§ **TASK INSTRUCTIONS**
The lines to transcribe begin with the one containing "Richie House Women's" and end with the last line below; reproduce them exactly, without the pictures.

Short descriptive text snippets

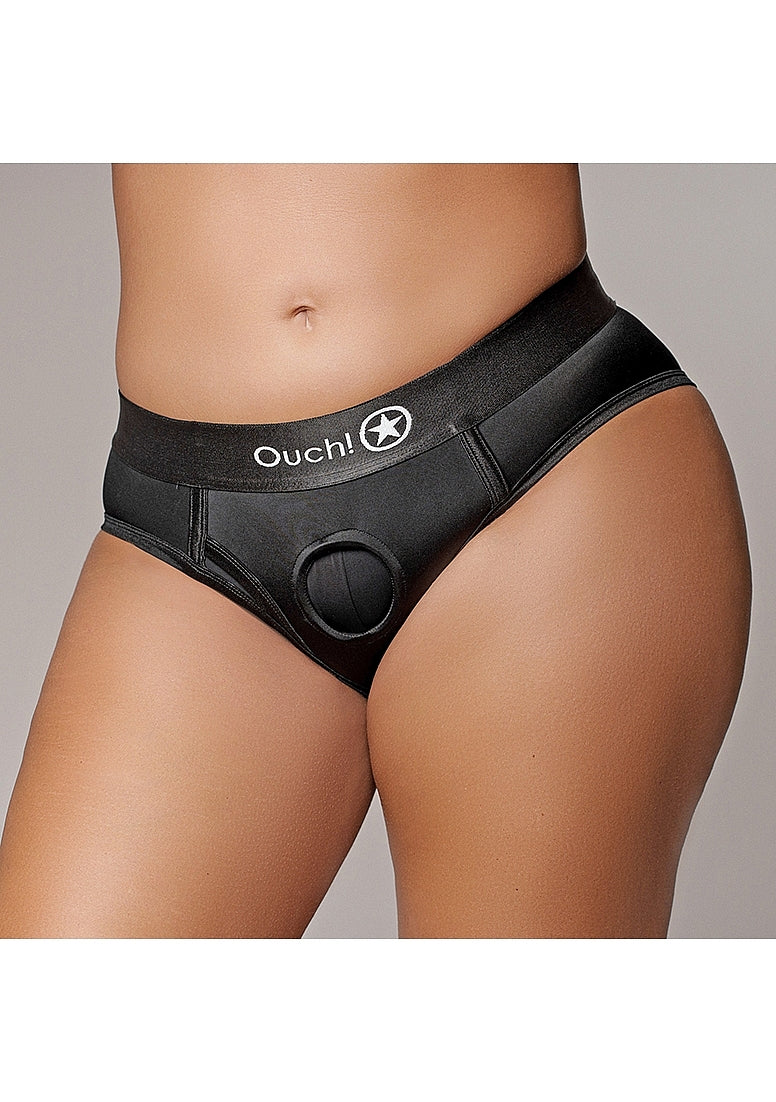 Shots Toys | OUCH! Vibrating Strap-on High-Cut Brief - Black - Size XL/XXL2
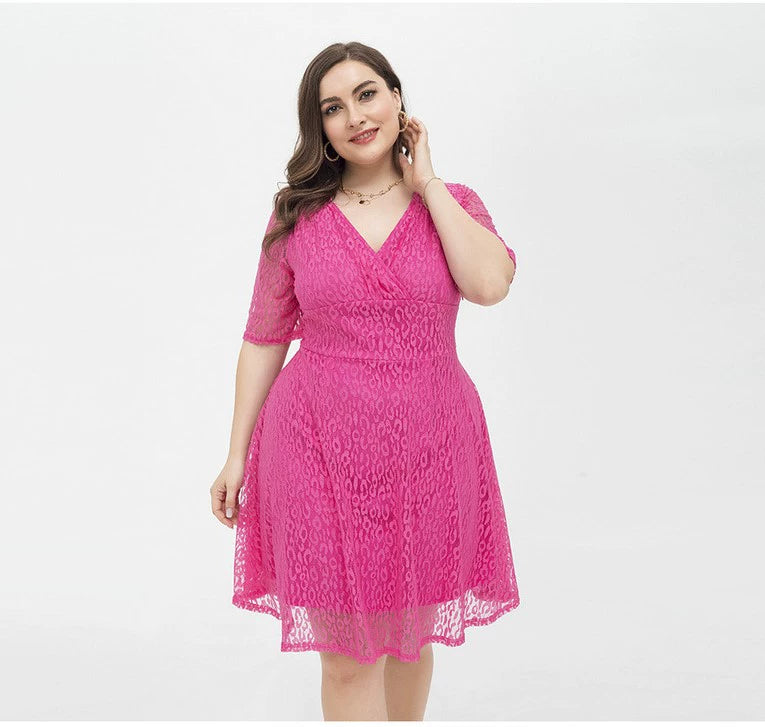 110.00kg Chubby Girl plus Size European and American Style Lace Dress Fresh Casual Dress plus Size Lace Dress - bertofonsi
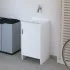 Mobile lavatoio 40x50 cm bianco in kit di montaggio con vasca e asse Ikaro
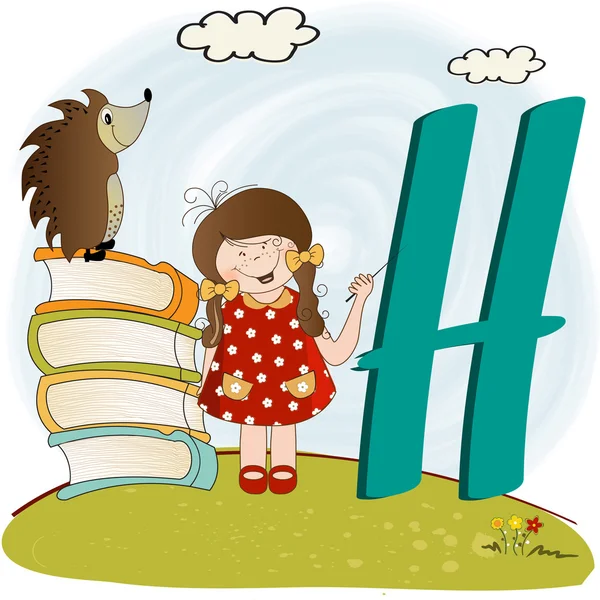 Letras do alfabeto infantil "h" — Fotografia de Stock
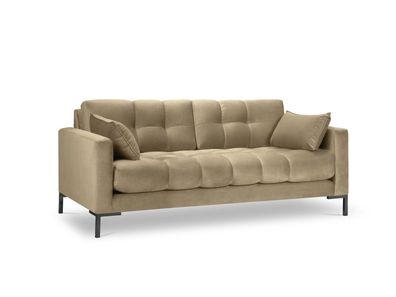Micadoni 2-Sitzer Samtstoff Sofa Mamaia | Bezug Beige | Beinfarbe Black Metal S...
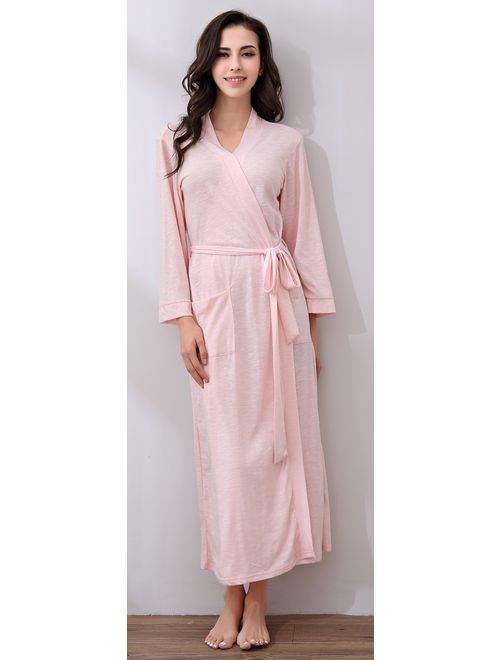 Richie House Women's Long Style Short Sleeve Robe Bathrobe RHW2824-B-L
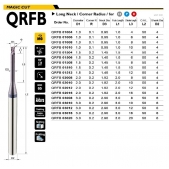 TK stopková fréza toroidní s dlouhým krkem QRFB01006, 1 x 1, R 0,01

§ **RESPONSE TO THIS EXERCISE**
 Richie House Women's Long Style Short Sleeve Robe Bathrobe RHW2824-B-L
 TK stopková fréza toroidní s dlouhým krkem QRFB01006, 1 x 1, R 0,01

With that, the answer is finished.